We're proving that electricity and magnetism are essentially two manifestations of the same underlying phenomenon by using the toy example of a positive charge moving parallel to an infinitely long current carrying wire.
I'm having trouble understanding why the line density of the positive ions and electrons in the wire changes between the laboratory frames and the rest frame of the test charge to yield a net electric field in the rest frame.
In the laboratory frame (O), the positive ions have line density $\lambda_0 $ and velocity $\mathbf{v} = 0$ and the electrons have a line density $-\lambda_0 $ and velocity $\mathbf{v} = -v_o$, so the net current is $I = \lambda_0v_0$, and the net charge on the wire is $Q = 0$. I think the simplest case would be if the test charge has velocity $\mathbf{v} = -v_o$. So it is clear that the test charge experiences a force due to the magnetic field produced by the current in the Lab frame.

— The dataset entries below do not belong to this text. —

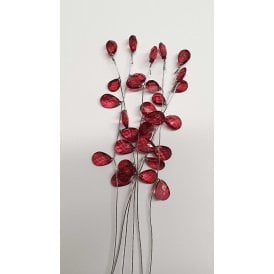Red Crystal Spray Set of 6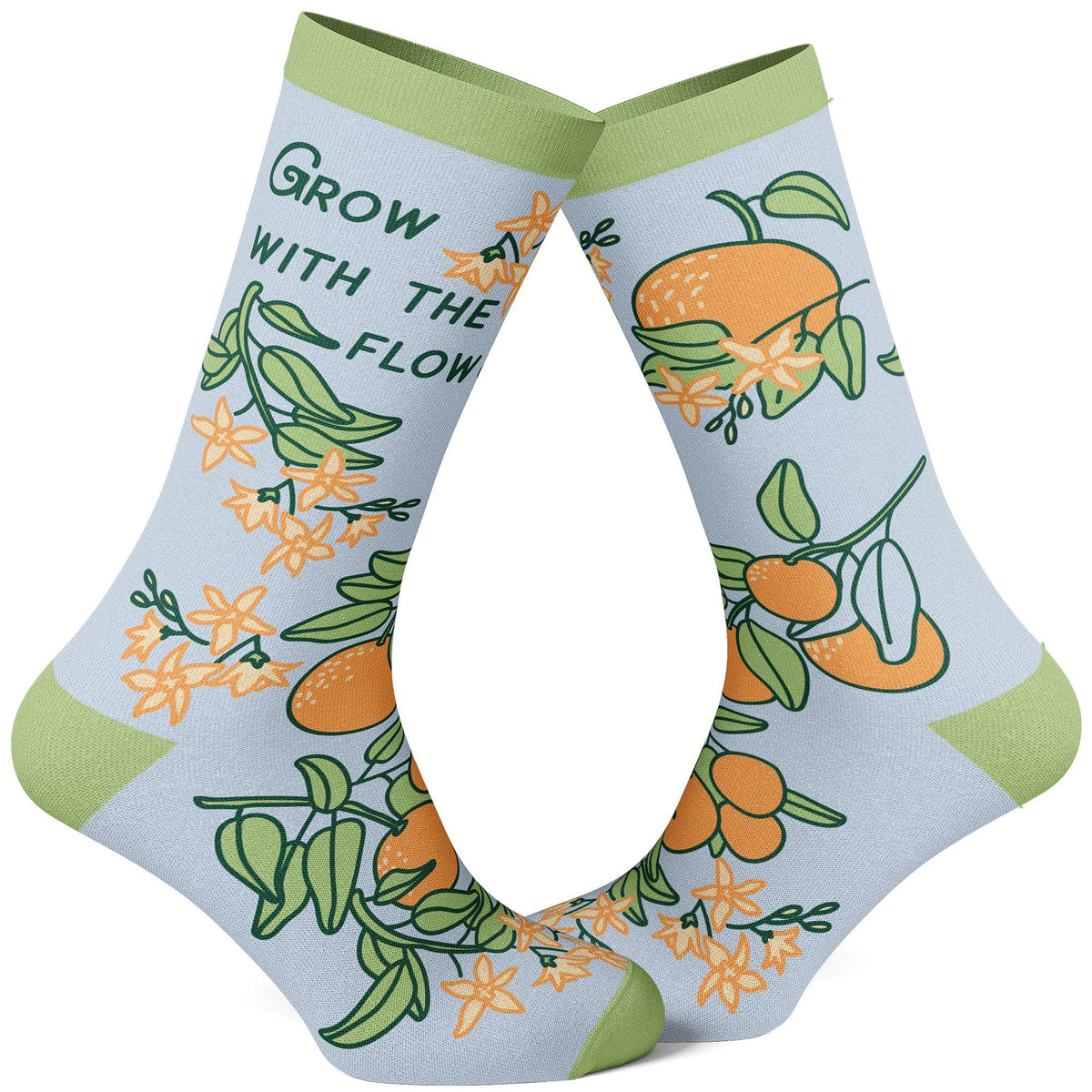 Women&#39;s Grow With The Flow Socks  -  Crazy Dog T-Shirts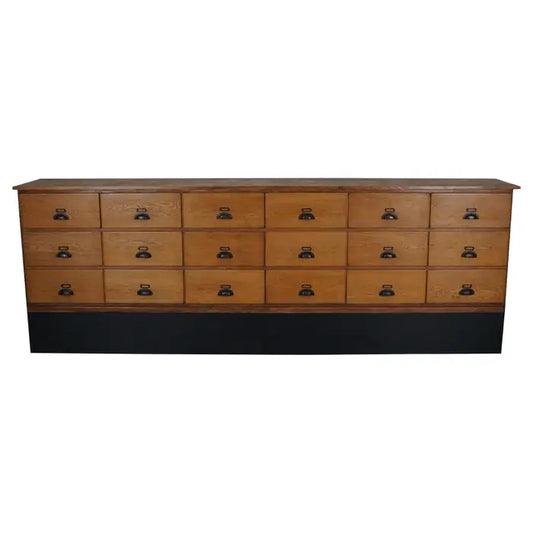 Large Vintage Dutch Oak Shop Cabinet / Sideboard, 1950s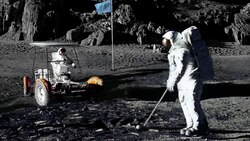 NASA Astronauts Playing Golf on the Moon Instructional Video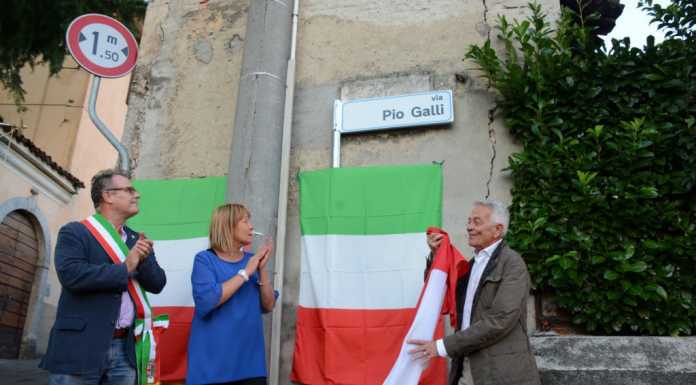Inaugurata via Pio Galli. “La sua vita, una lotta per libertà e diritti”
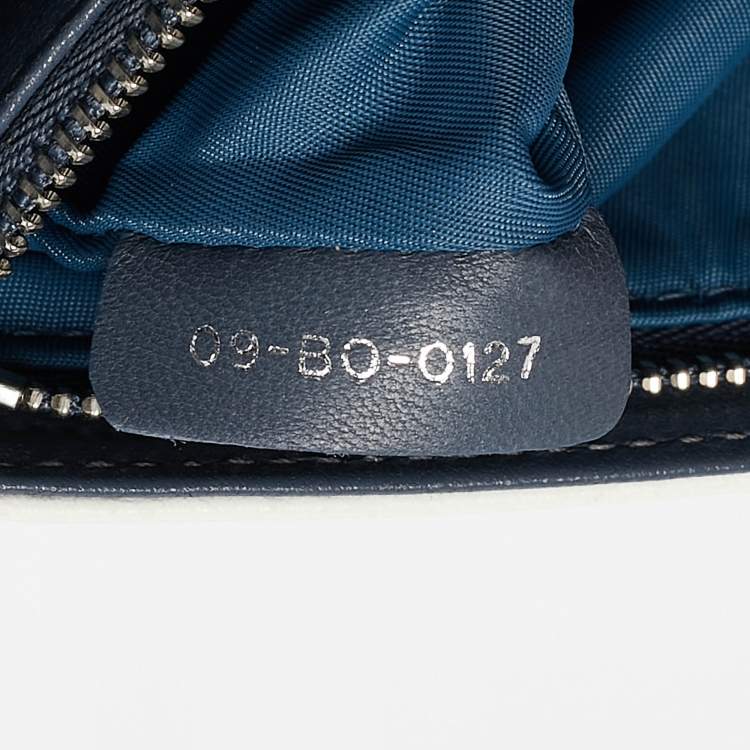 Pre Owned Dior White Cannage Leather Diorama Wallet On Chain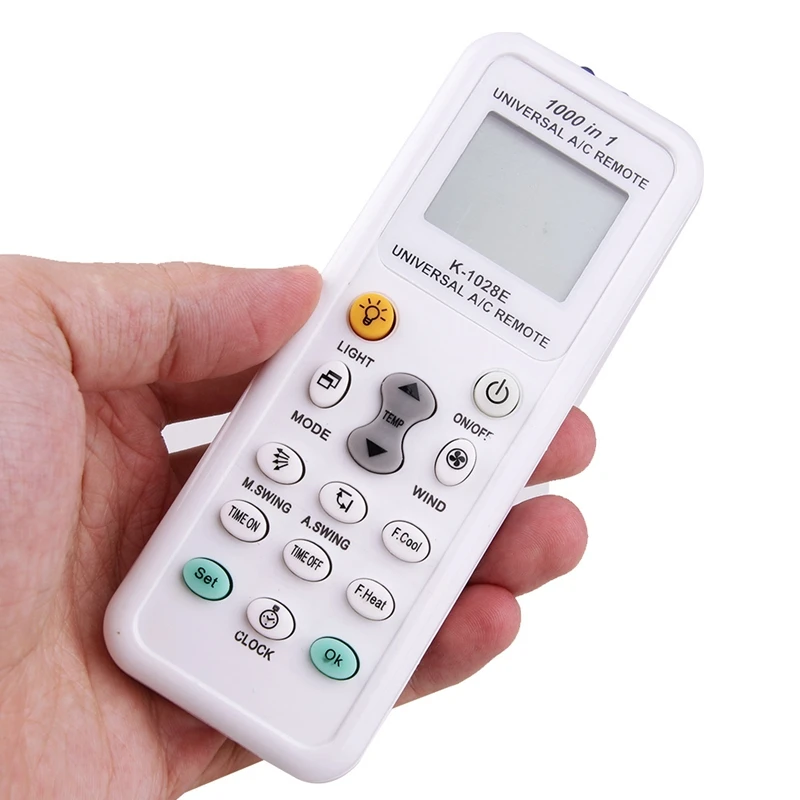 Mando A distancia Universal 1000 en 1 LCD, K-1028E de bajo consumo de energía, aire acondicionado A/C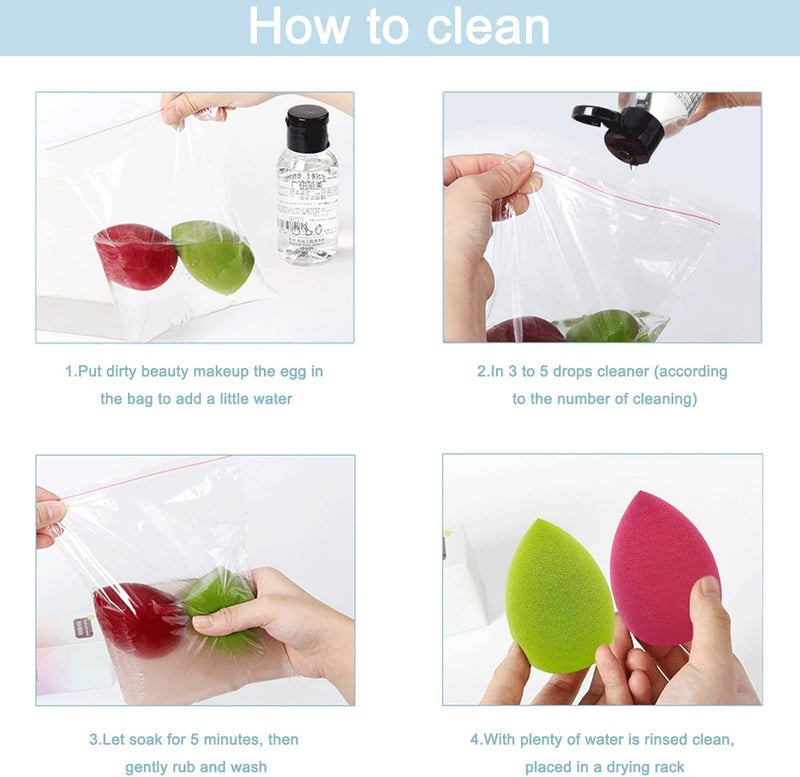IBBO Colorful Makeup Beauty Blender Sponges, Colorful Beauty Blender Sponge Foundation Blending Sponge Ideal for women Makeup Highlighters, Beauty Blender for Blending Face Makeup (Pack of 12) - Image 5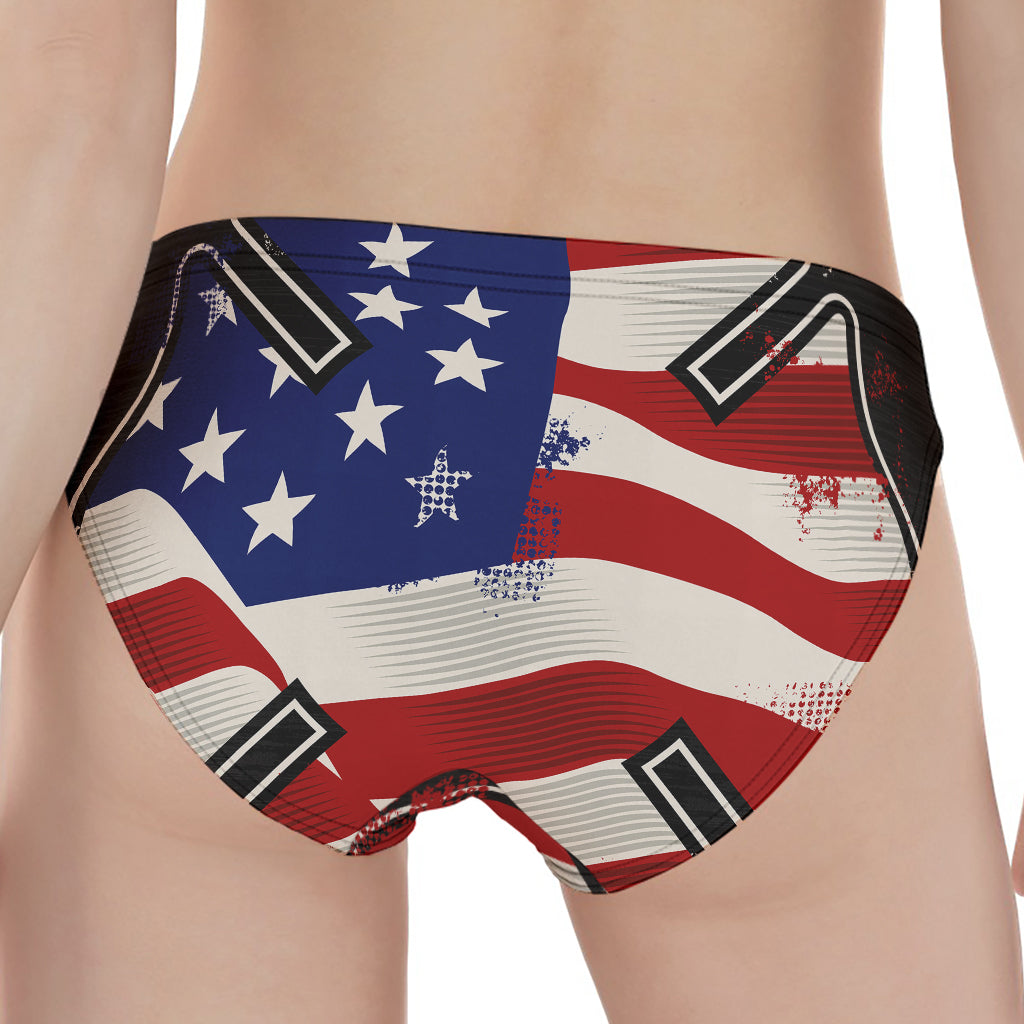 American Firefighter Emblem Print Women's Panties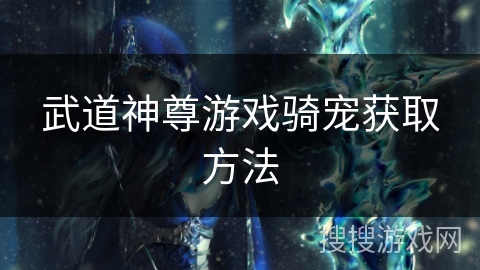 武道神尊游戏骑宠获取方法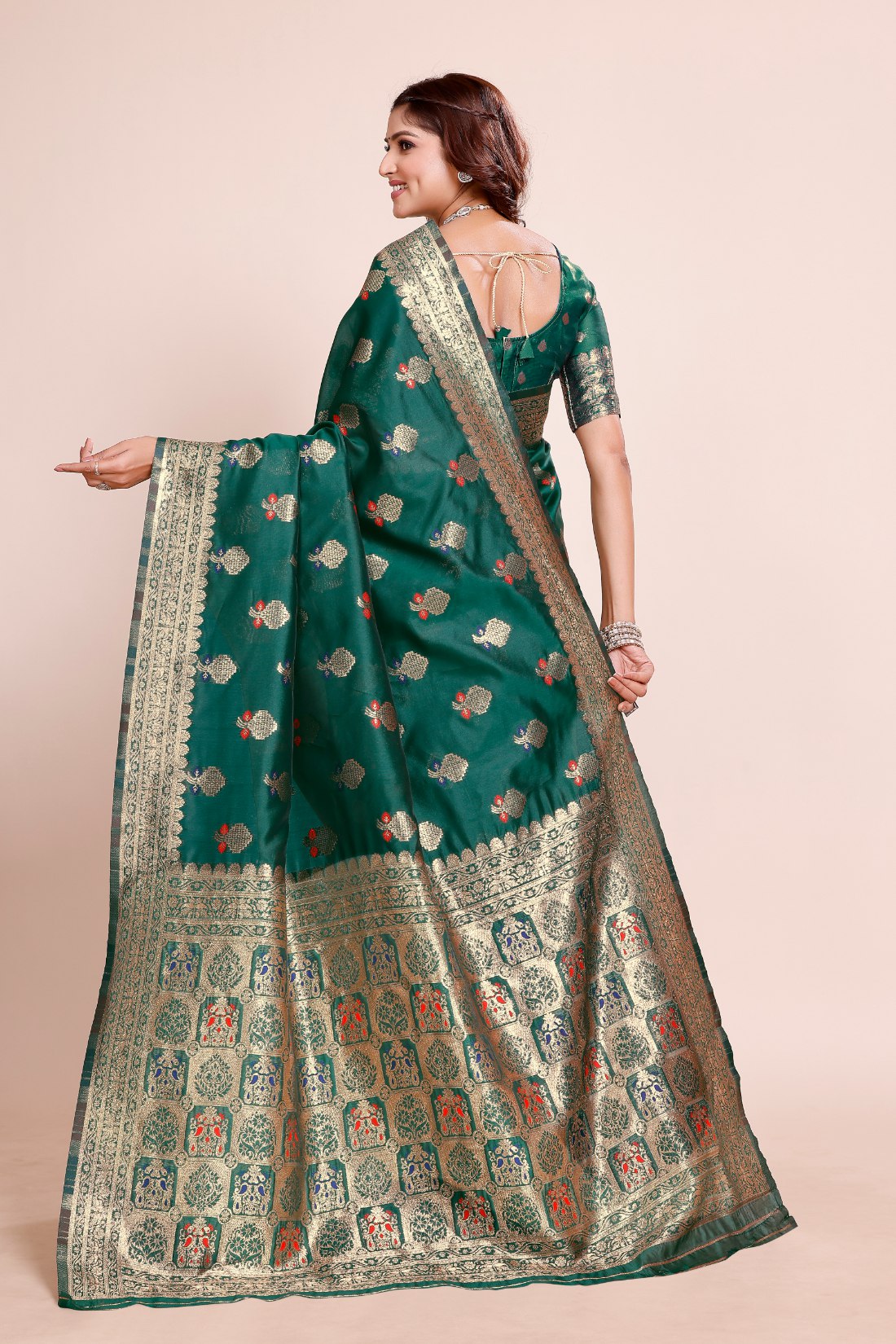 Royal Gold Zari Weaving saree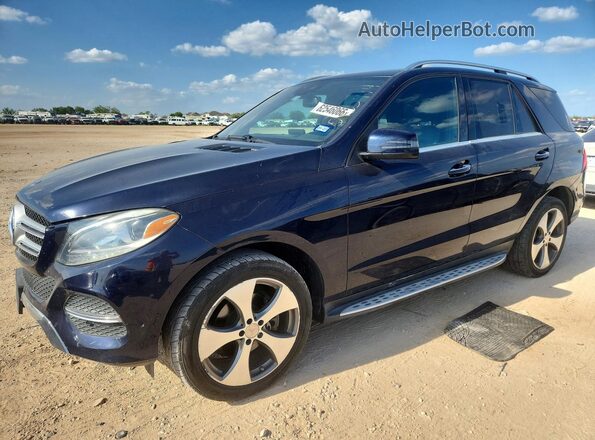 4JGDA5JB6GA681289 2016 MERCEDES-BENZ GLE Blue Tył lewy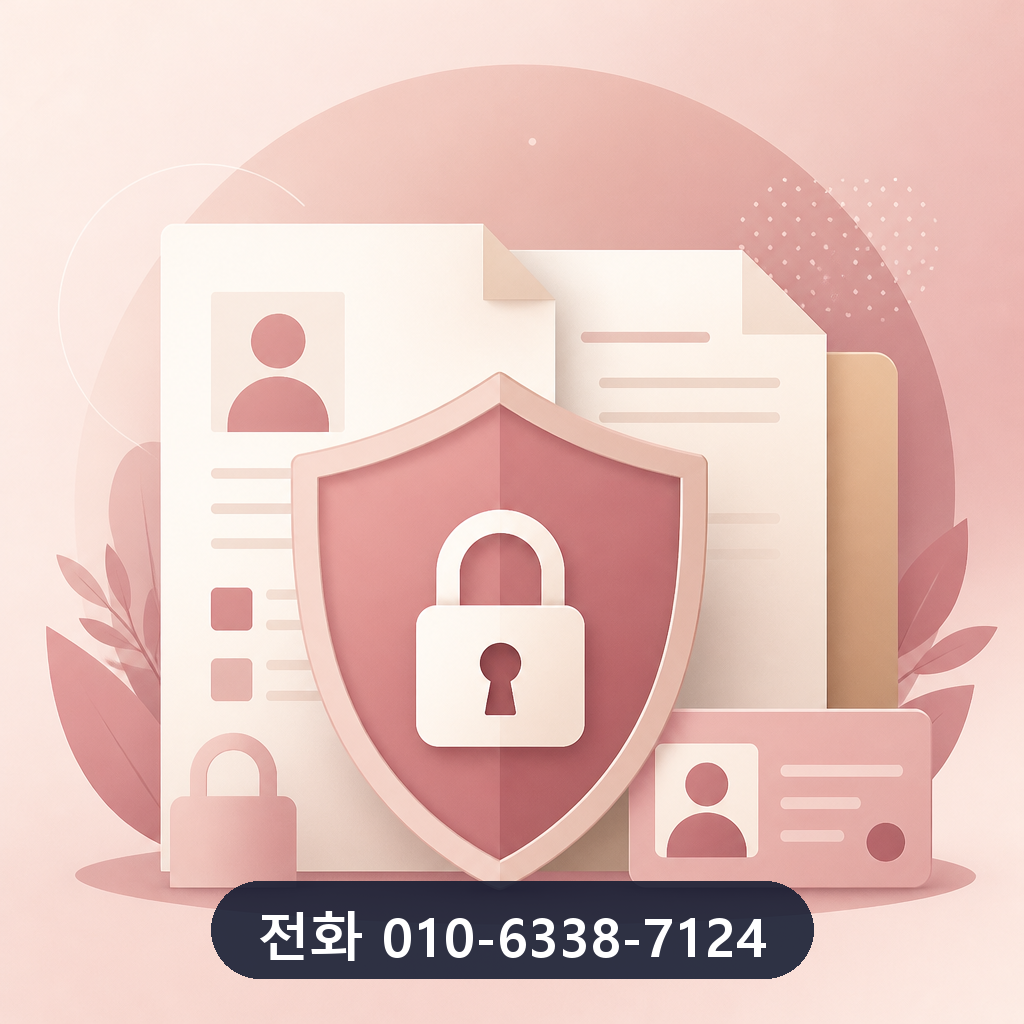 신한카드 카드깡 개인정보 보호 이미지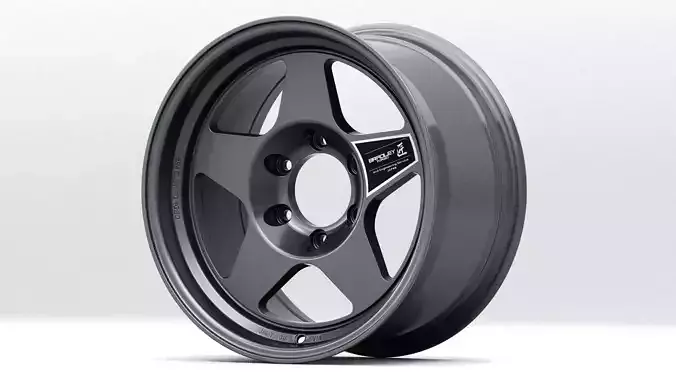 Bradley Forged Takumi Wheels 3D model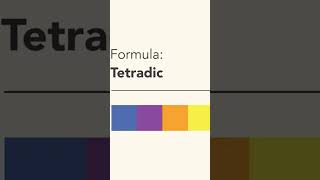 Color Theory Tetradic Color Scheme Shorts [upl. by Harod]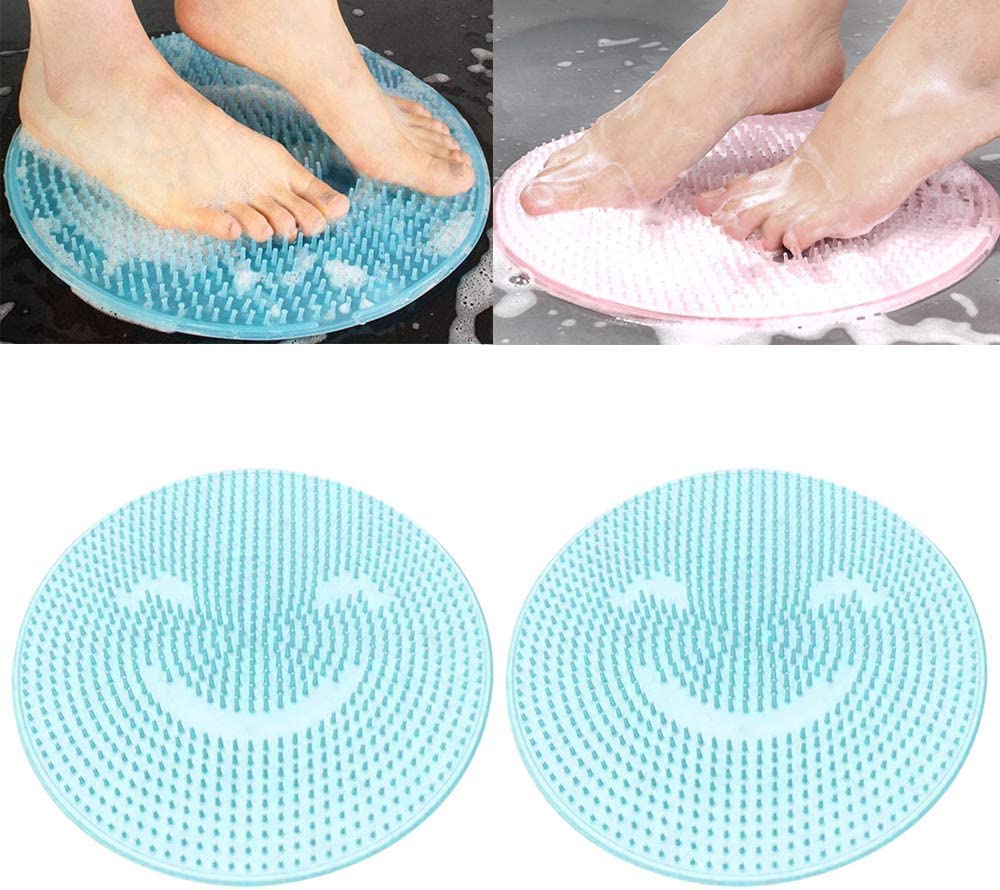 Shower Foot Massager Scrubber & Cleaner with NonSlip Suction Cups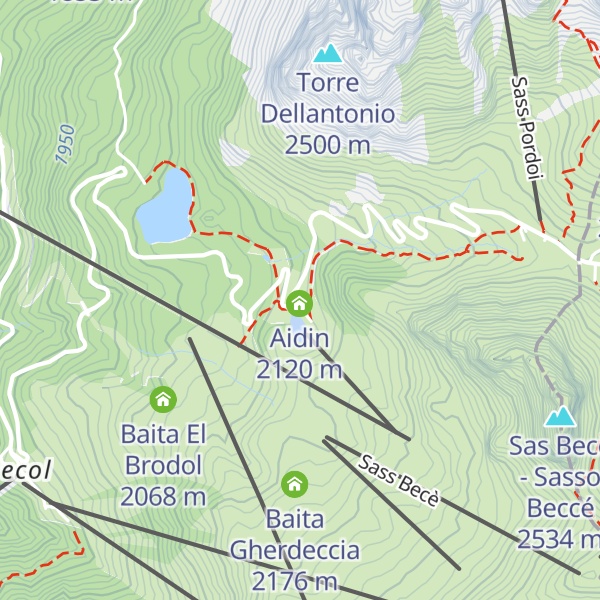 Map of Hotel Pordoi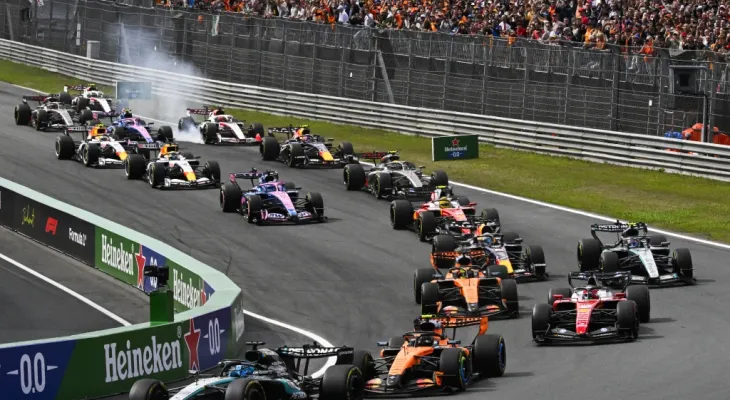 George Russell conquista vitória na sprint do GP da Holanda; Bortoleto é nono
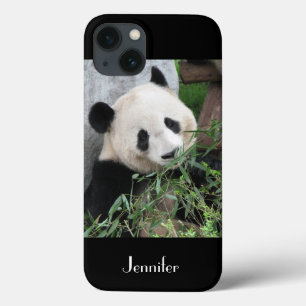 Etui iPhone Case-Mate Cute Giant Panda Arrière - plan noir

My problem comes about when we move to the test charge's rest frame. The lecture notes say that length contraction increases the line density of the positive ions to $\lambda_+ = \gamma \lambda_0 $ and decreases the line density of the electrons to $\lambda_- = \frac{\lambda_0}{\gamma} $ to yield a net positive charge and an electric field around the wire. But I can't see how this comes about - I thought charge was a relativistic invariant? How did we 'create' charge by moving from one reference frame to another? I can't see why length contraction affects the line density of the charge carriers and why the positive ions' line density increase and the electrons' decrease.